DATASET EXTRACT:

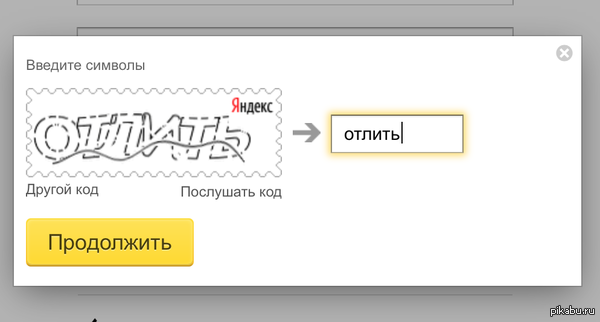 ������� ������, ��� ��������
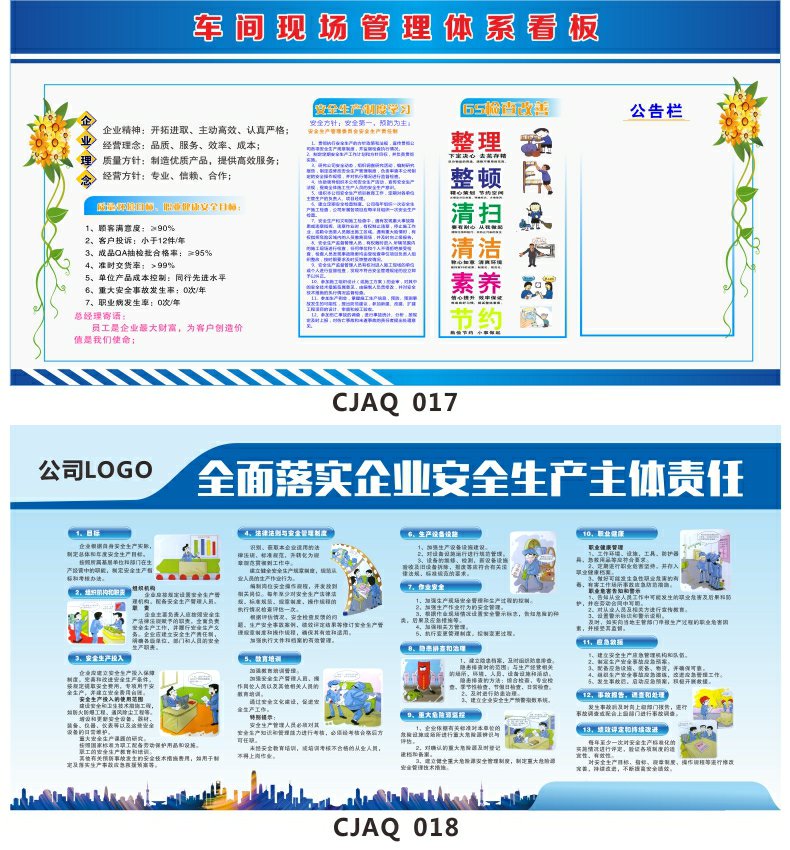 消防安全标语企业安全挂图6s宣现场管理栏车间公告栏消防安全看板宣传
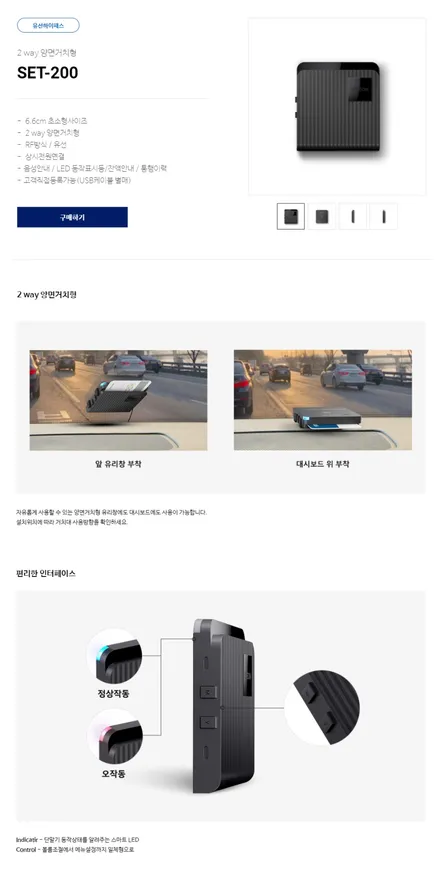 i♥오토인 2021 렉서스 UX250H 신차 패키지 레인보우 V90 썬팅 + 아이나비 블랙박스 / 엠피온 하이패스 장착 + 락폴딩 etc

REQUIRED ACTION: An exact copy of all the data above is required; omit any pictures.

OUTPUT FOR THIS TASK:
 ������� ������, ��� ��������
 消防安全标语企业安全挂图6s宣现场管理栏车间公告栏消防安全看板宣传
 i♥오토인 2021 렉서스 UX250H 신차 패키지 레인보우 V90 썬팅 + 아이나비 블랙박스 / 엠피온 하이패스 장착 + 락폴딩 etc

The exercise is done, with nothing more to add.